Gellings advocates putting technology in place to develop what EPRI refers to as a “self-healing grid” capable of automatically anticipating and responding to disturbances, while continually optimizing its own performance.

The first step toward making the self-healing grid a reality, Gellings said, is acquiring detailed real-time information about the system, which requires sensors integrated with communications capabilities. Next comes the need for very fast simulation and modeling to estimate the system’s condition every second. To that end, the Electricity Innovation Institute (E2I), an EPRI affiliate, issued a request for proposal on Sept. 2 to solicit assistance in developing a software system designed to provide faster-than-real-time simulation and modeling of grid dynamics at different levels of topological detail over a range of different time domains. (Information about the RFP is available at the E2I website at

Once the fast simulation and modeling are available, Gellings said there is a need to more fully integrate power electronics devices, such as FACTS, into the system.

“If you have the capability to sense system condition, and you have some control hierarchy and the ability to switch with power electronic speed, you could have a self-healing system–or at least one that isolates disturbances very locally or reconfigures the system in real-time to minimize disruption,” Gellings said.

While some of the technology is already available, Gellings estimated it would take another four or five years to have all the technology to make the self-healing grid a reality.

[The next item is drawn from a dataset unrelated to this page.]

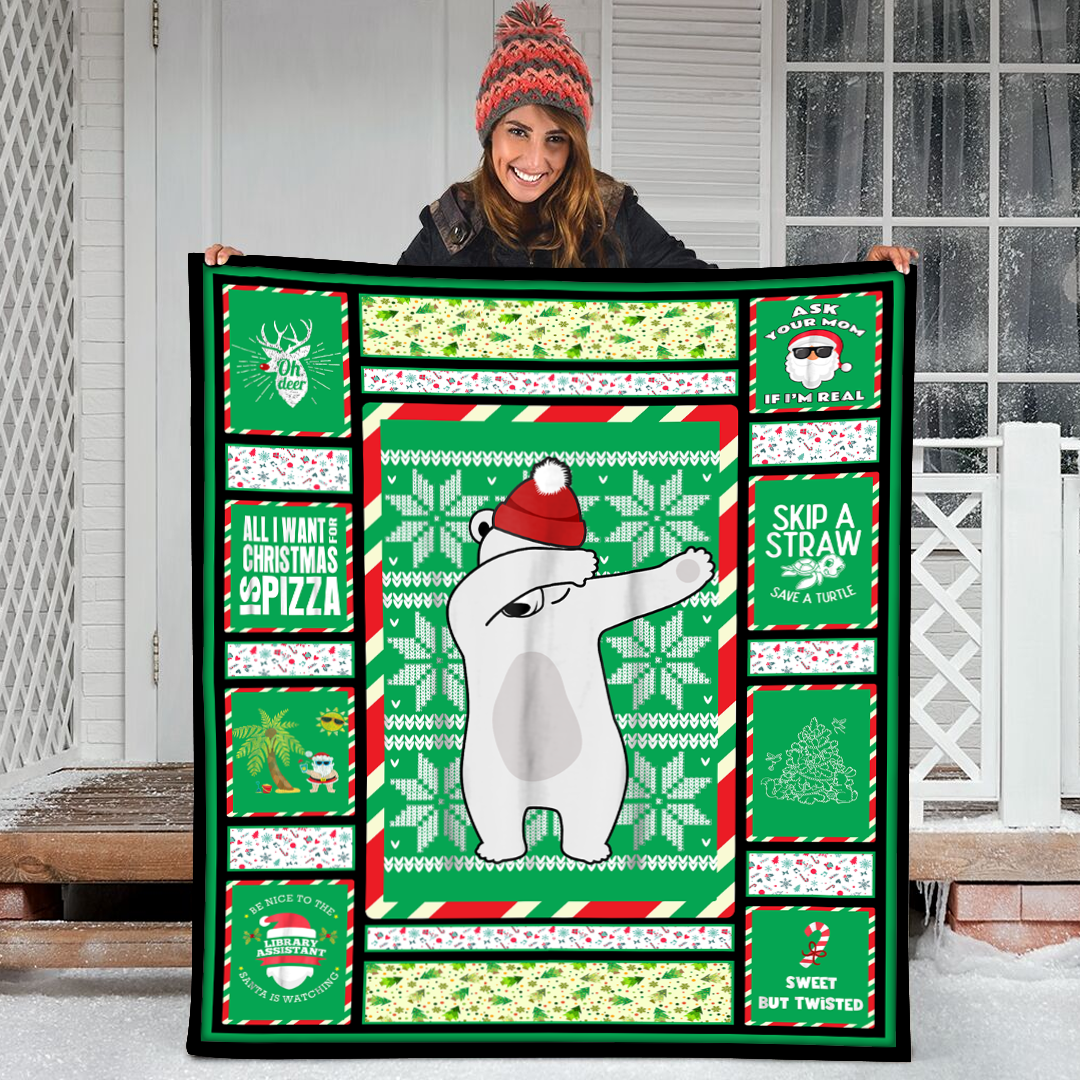 Ugly Christmas  Dabbing Polar Bear Dab- Green Color Fleece Blanket Small Medium Large X-Large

It would then take, he estimated, another 10 years to see the technology deployed.

“What’s impeding the use of FACTS and other power electronics solutions right now is cost,” Gellings said. “We have to get aggressive about getting the costs down.”

Gellings said he hopes the lasting legacy of the blackout will be a greater appreciation for what properly implemented technology can do for the grid.

“Support, in general, for science and technology has waned,” Gellings said. “It’s waned both philosophically and practically. It’s both a matter of a loss of idealism as well as not having the resources.

“What I hope comes of this (the blackout) is a realization that technology is important, and perhaps a renewal of will to aggressively study and investigate technology,” he said. “All the rest–the research and development funding, the investments in the grid–will follow if we once again begin to recognize the importance of science and technology.”